WHAT YOU WILL DO » Copy the records below exactly, starting at the line that contains "Double Take Pearl Drop Earrings in 14k Gold" and ending at the line that contains "Vibrator Realist Sliding-Skin"; leave out any pictures.

PROVIDED ENTRIES »
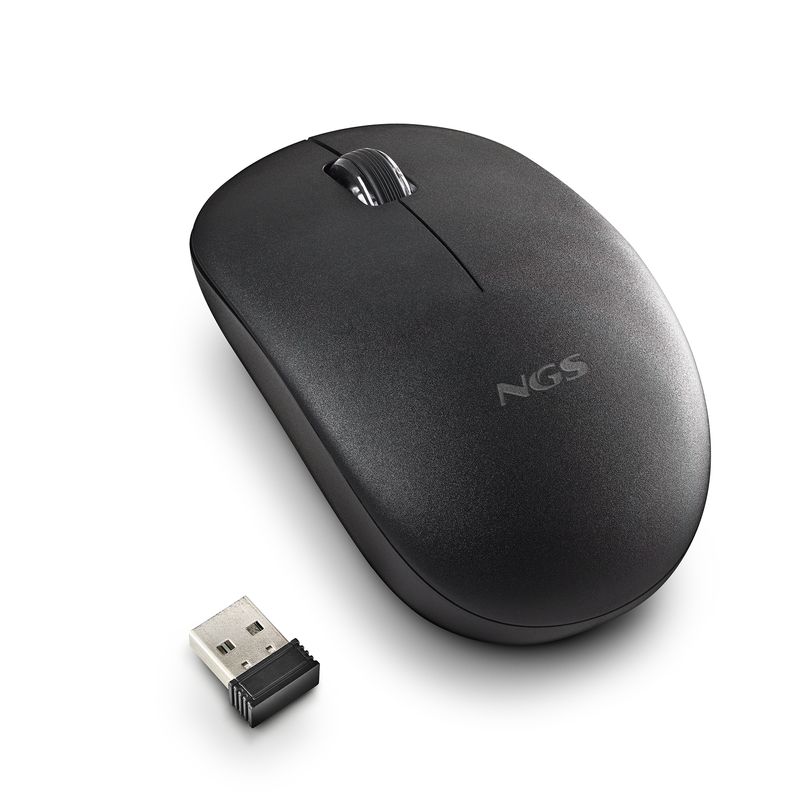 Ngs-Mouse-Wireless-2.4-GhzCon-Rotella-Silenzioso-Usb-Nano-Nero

* * *

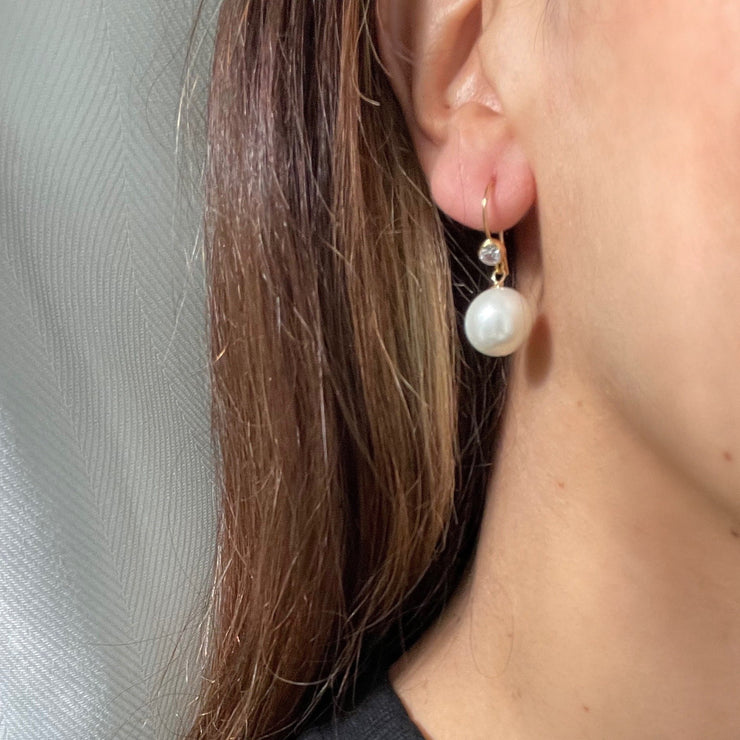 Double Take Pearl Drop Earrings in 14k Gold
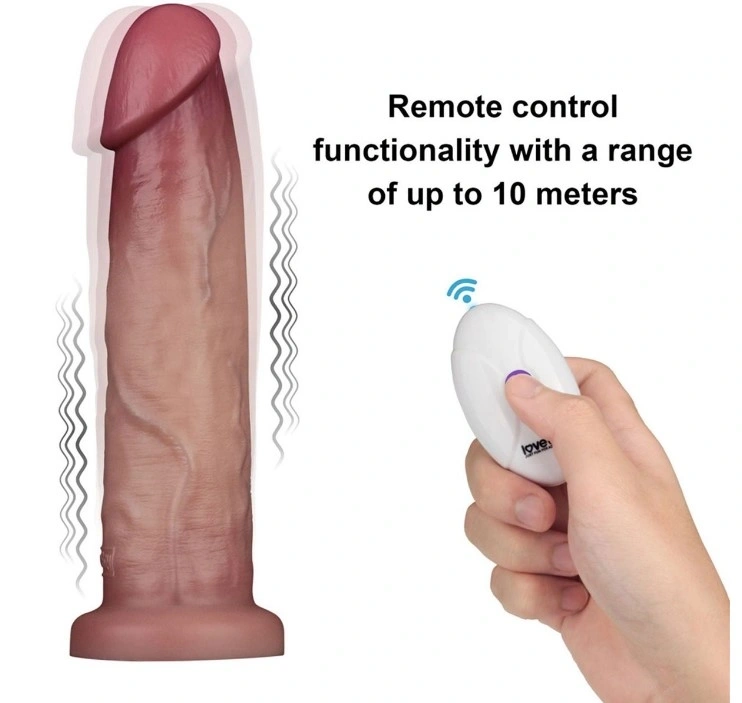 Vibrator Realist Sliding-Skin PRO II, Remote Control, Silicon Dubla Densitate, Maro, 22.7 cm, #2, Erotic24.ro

TASK OUTPUT »
 Double Take Pearl Drop Earrings in 14k Gold
 Vibrator Realist Sliding-Skin PRO II, Remote Control, Silicon Dubla Densitate, Maro, 22.7 cm, #2, Erotic24.ro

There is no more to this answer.